Ce texte a paru dans Le Temps le 20 juin 2016, dans le cadre d’une page de débat sur la relation entre les écrivains et l’argent.
Le débat en cours depuis quelques semaines sur la rémunération des interventions des auteurs * dans les salons et les festivals est une occasion de poser quelques questions de fond sur la relation des auteurs avec l’argent. Je vais tenter de le faire à partir de la position qui est la mienne, celle d’une écrivaine pas spécialement connue, mais reconnue, vivant en Suisse romande.
Etre payé, ou au moins défrayé, pour les prestations supplémentaires que l’on fournit en marge de l’écriture (débats, conférences, causeries etc.), tous les écrivains, toutes les écrivaines de Suisse romande le souhaitent et le trouveraient juste, moi la première. Mais de quoi s’agit-il ? D’un tout petit signe de reconnaissance de la société à l’égard du produit collatéral d’un travail qui n’a littéralement pas de prix, ou d’une rémunération destinée à constituer une partie du revenu de la personne concernée ?

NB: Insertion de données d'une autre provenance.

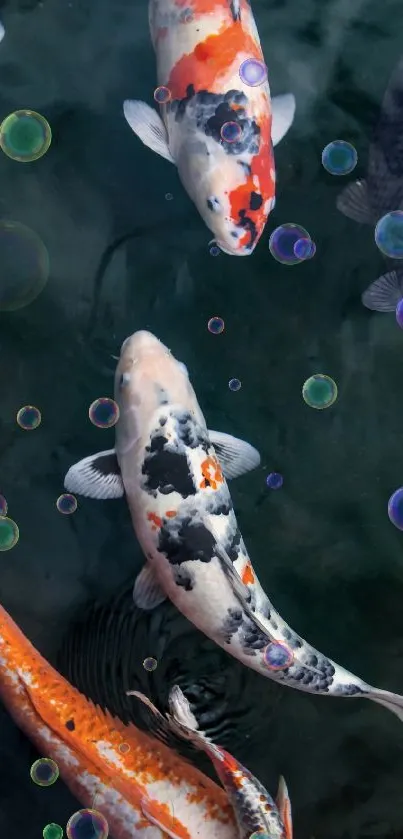 Vibrant koi fish swimming gracefully in a serene pond.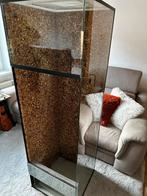 Terrarium 160x60x60, Enlèvement, Comme neuf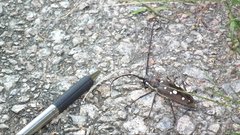 Batocera rubus
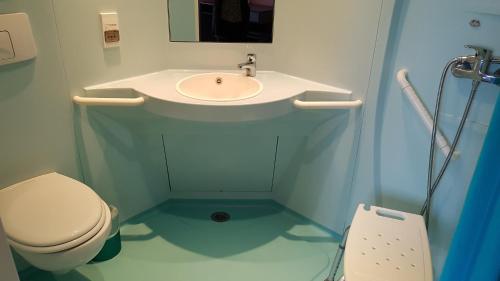 La petite salle de bains est pourvue de toilettes et d'un lavabo. dans l'établissement Hotel Regina, à Ars-sur-Formans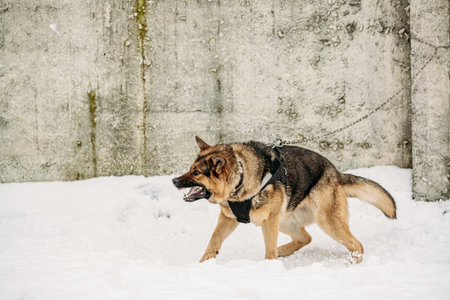 Training Of Purebred German Shepherd Dog In Special Outfit. Alsatian Wolf Dog During Exercise. Winter Snowy Dayの写真素材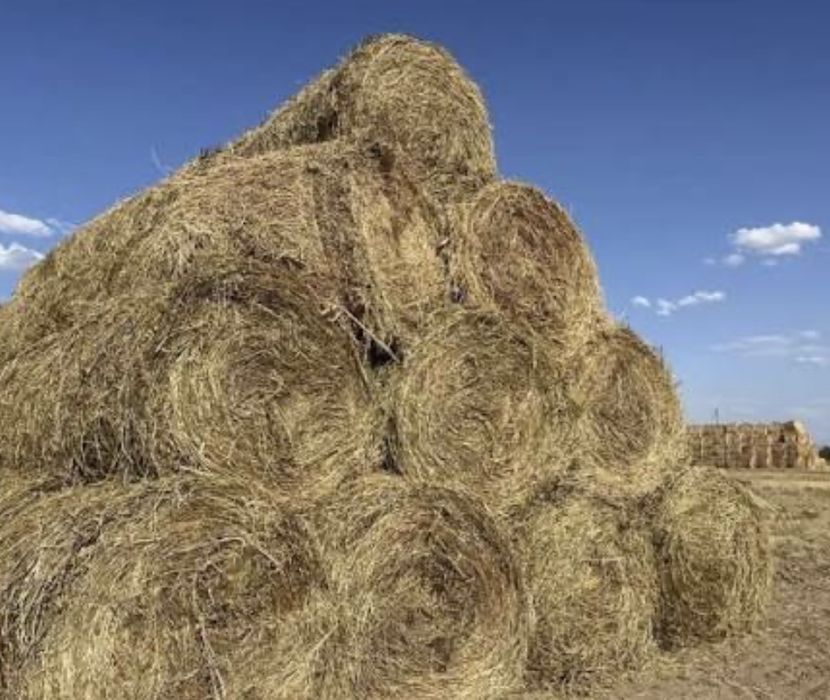 Жем шөп жоңышқа сабан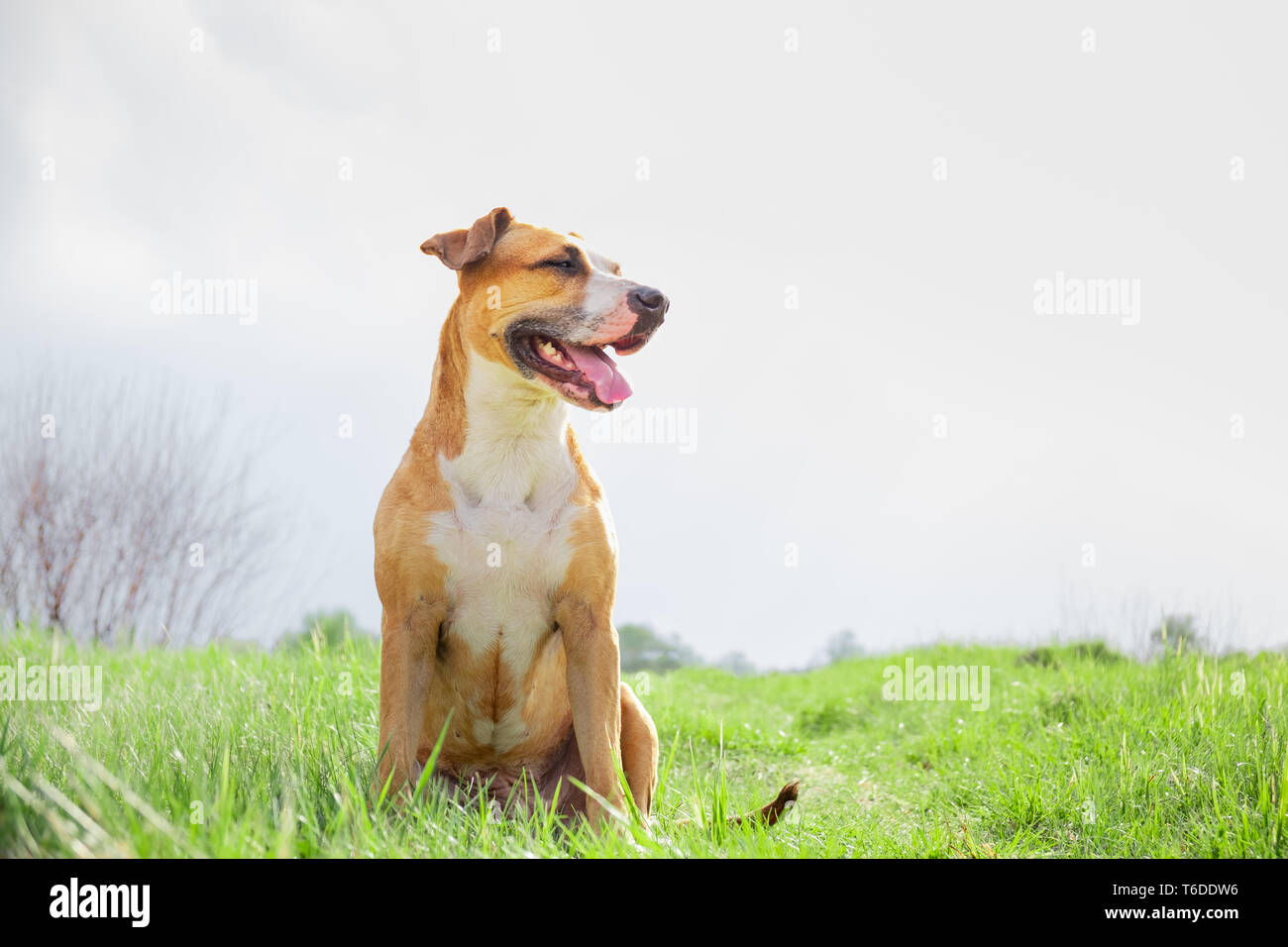 Happy healthy dog at a field in the spring. Portrait of a staffordshire terrier sitting on a lovely green grass Stock Photo
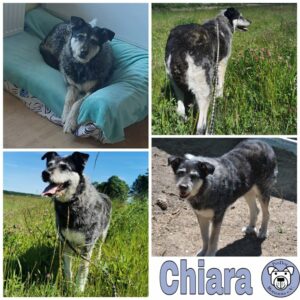 Chiara in 18311 Ribnitz-Damgarten *vermittelt*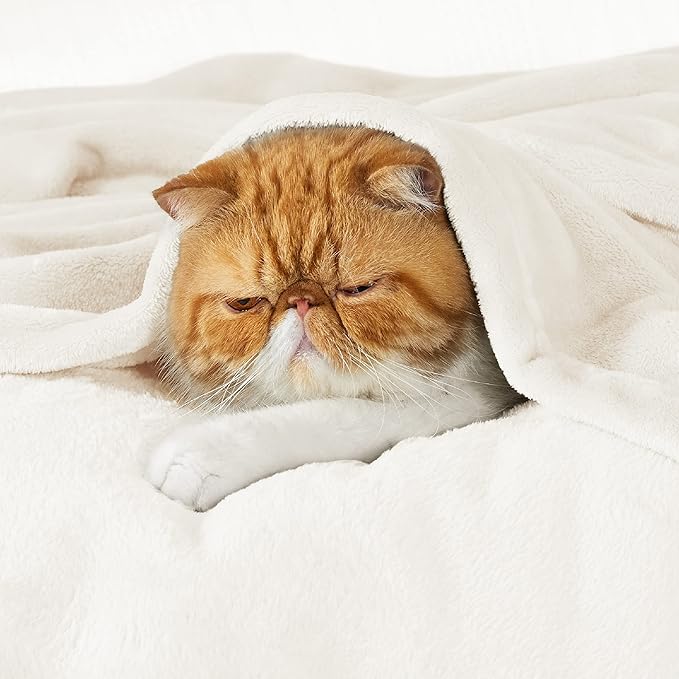 Bedsure Fleece Blankets King Size Cream - Bed Blanket Soft Lightweight Plush Cozy Fuzzy Luxury Microfiber, 108x90 inches-StrideForce Fitness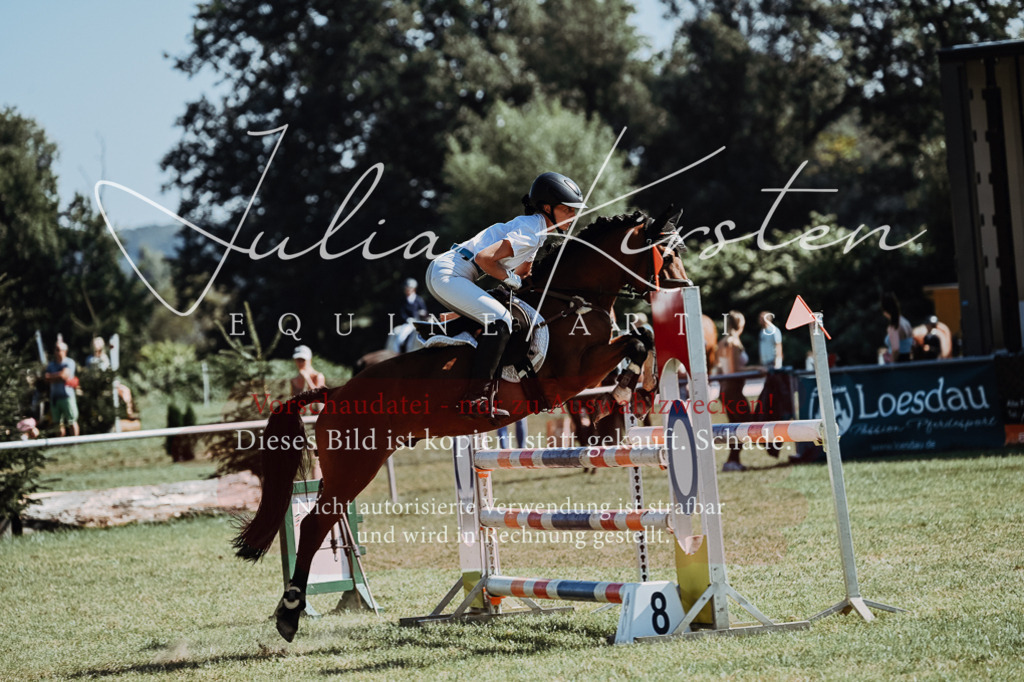 DSC_6187 | Pferde- und Turnierfotografie in Westsachsen. Pferdeportraits, Auftragszeichnungen und intuitive Kunst.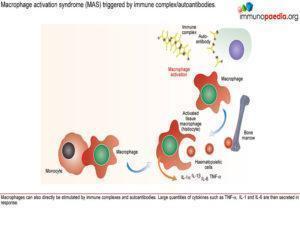 macrophage activation syndrome_Page_2.1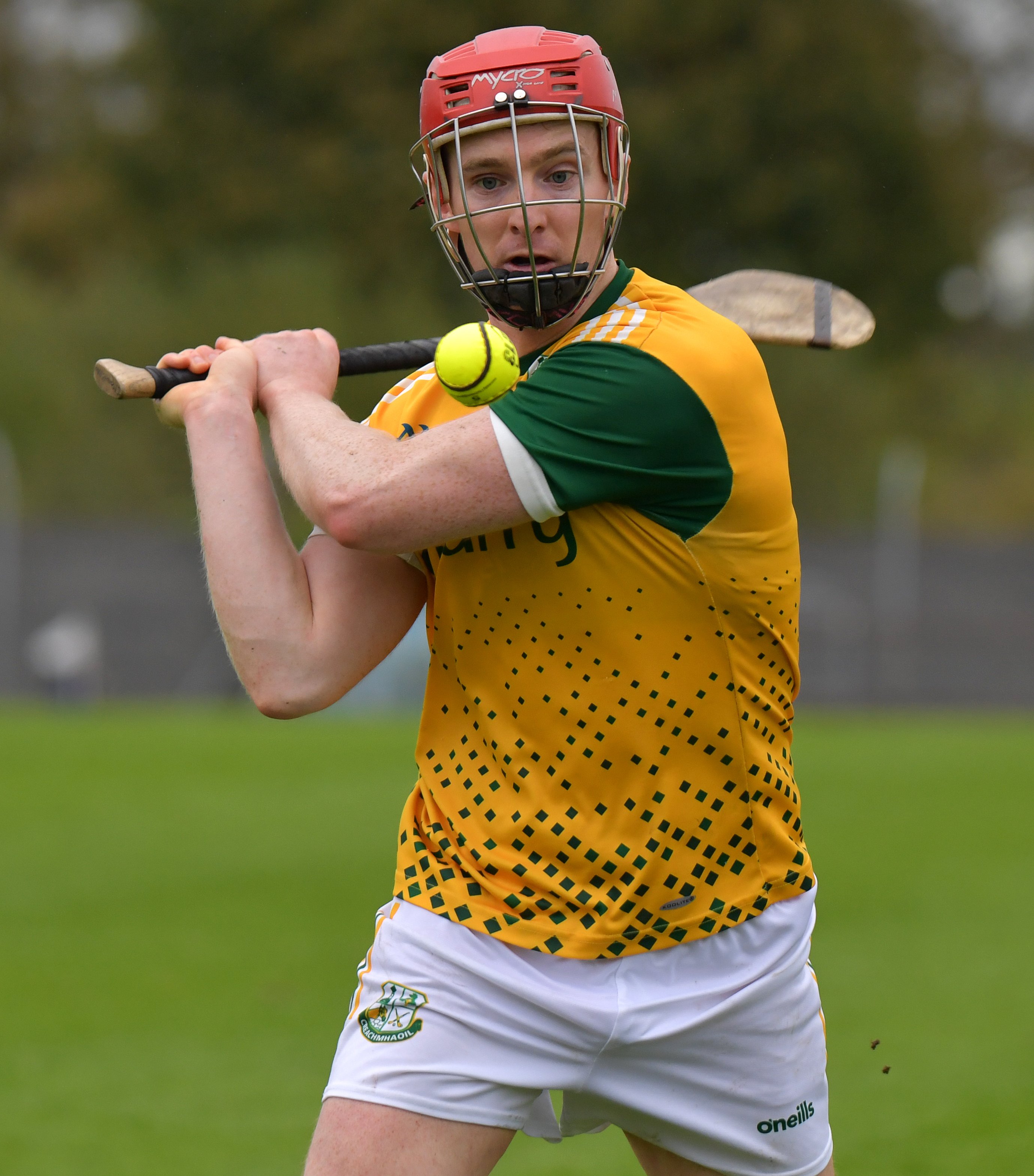 Tom Monaghan inspires Craughwell to Galway SHC quarter-final win over ...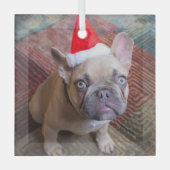 Kutest Baby Animals | Franse kerstfeestdag Glas Ornament (Voorkant)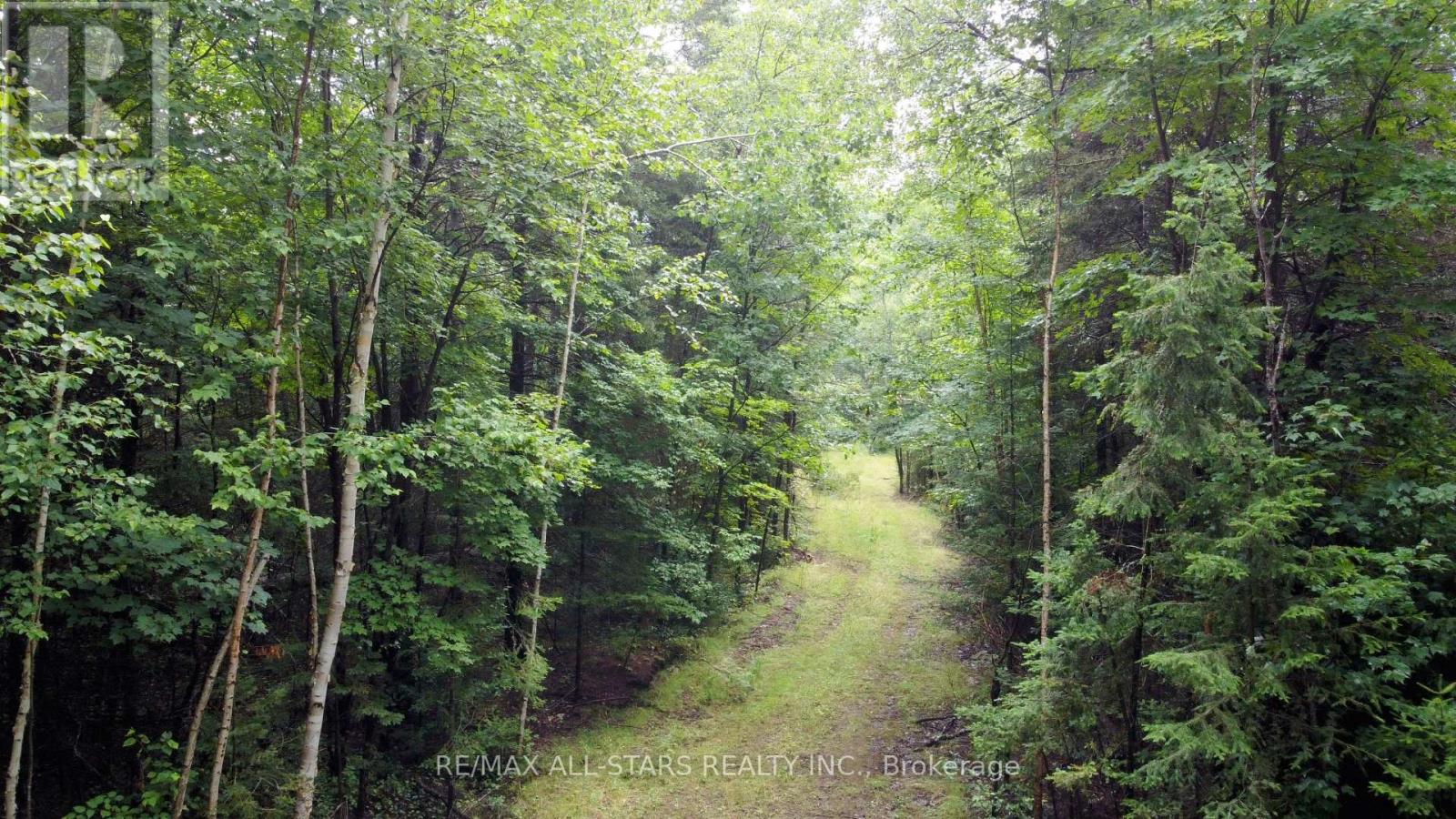 0 Penzance Trail, Highlands East, Ontario  K0L 2V0 - Photo 10 - X12287651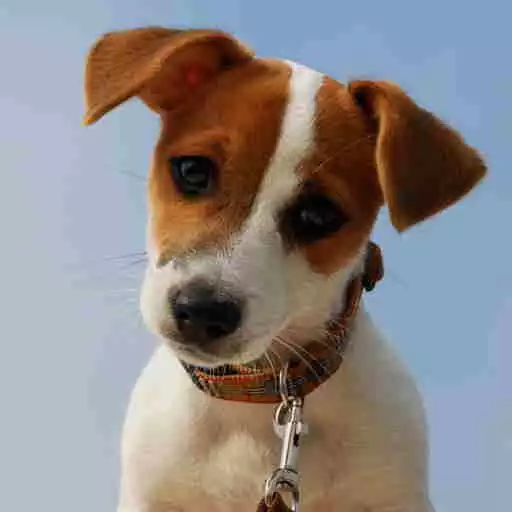 Play Jack Russell Terrier APK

J’appartiens à une génération (celle des sexagénaires) pour qui gagner sa vie autrement que par la littérature est toujours allé de soi, et pour qui les gratifications symboliques ont toujours compté un peu plus que les gratifications pécuniaires (certes bienvenues !). J’ai l’impression que de nombreux représentants des générations suivantes aspirent, au contraire, à «vivre de leur plume» (ou de leur clavier), au moins partiellement. Je respecte cette aspiration, qu’un certain nombre d’écrivains, excellents ou médiocres, arrivent à réaliser de par le monde, mais j’y vois quand même quelques dangers.
Si on dépend de sa production littéraire et de ses «produits dérivés» pour s’acheter, disons, la moitié de son bifteck, il y a toutes sortes de choses qu’on hésite à faire : écrire sur des sujets qui vous tiennent à cœur, mais inactuels ou peu porteurs ; adopter un style ou un type de construction «difficiles» ; passer dix ans si nécessaire sur un livre ; jeter à la poubelle un manuscrit que l’on n’estime pas réussi ; passer des années sans publier, parce qu’on a besoin de temps pour penser et sentir le monde… Sans compter que le modèle alémanique souvent cité en exemple, où des auteurs gagnent de l’argent grâce à leurs interventions publiques, ne convient pas à tous les tempéraments ni à tous les types d’œuvres.
Il est tout à fait vrai que la majorité des écrivains (dans laquelle je me range) sont les parents pauvres de la chaîne du livre, et qu’il appartient à l’appareil culturel de corriger un tant soit peu cette injustice. Mais il est illusoire de penser que ces corrections volontaristes pourraient transformer l’écriture en une «profession comme les autres.» Pratiquée selon les critères de compétence et d’engagement voulus, c’est bel et bien une profession, et même plus exigeante que d’autres ; mais «comme les autres», elle ne l’est certainement pas. D’une part, parce qu’elle ne comporte (heureusement), ni diplôme, ni échelle de salaires, ni normes de productivité ; et d’autre part parce que l’adéquation entre la valeur intrinsèque de ses produits et la valeur que leur attribue le marché est infiniment plus aléatoire que dans la plupart des autres professions.
Le marché du livre est influencé par toutes sortes de facteurs, dont certains n’ont rien à voir avec la qualité littéraire. On peut pester contre cet état de fait (je ne m’en prive pas). On peut aussi y voir la démonstration que le professionnalisme d’une personne qui écrit et publie est d’une autre nature que celui d’une personne qui pratique la chirurgie cardiaque ou repasse des chemises dans un pressing.
Reste le problème réel et sérieux des moyens de subsistance des écrivains. Ecrire de bons livres, ça demande du temps et de la disponibilité mentale. C’est offensant de s’entendre dire qu’on n’a qu’à faire ça à ses moments perdus. La situation actuelle entrave la liberté de créer de toutes celles et ceux qui n’ont pas une fortune personnelle ou un conjoint doté d’un bon revenu. Mais ce ne sont pas les cacahuètes que la plupart d’entre nous reçoivent (dans le meilleur des cas), en guise de droits d’auteur ou de cachet pour un débat qui peuvent résoudre le problème de fond, qui est celui de l’inaptitude constitutive de la production littéraire à générer de par elle-même un revenu décent et stable dans la durée pour la grande majorité de celles et ceux qui la pratiquent.
Je plaide quant à moi pour la mise en chantier immédiate d’une version plus réaliste et mieux ciblée du revenu inconditionnel de base, qui permettrait de fournir une reconnaissance financière à toutes celles et à tous ceux – y compris, donc, les écrivains – qui produisent gratuitement ou presque gratuitement des biens ou des services peu ou pas cotés sur le marché, et pourtant vitaux pour l’enrichissement matériel ou immatériel de la société.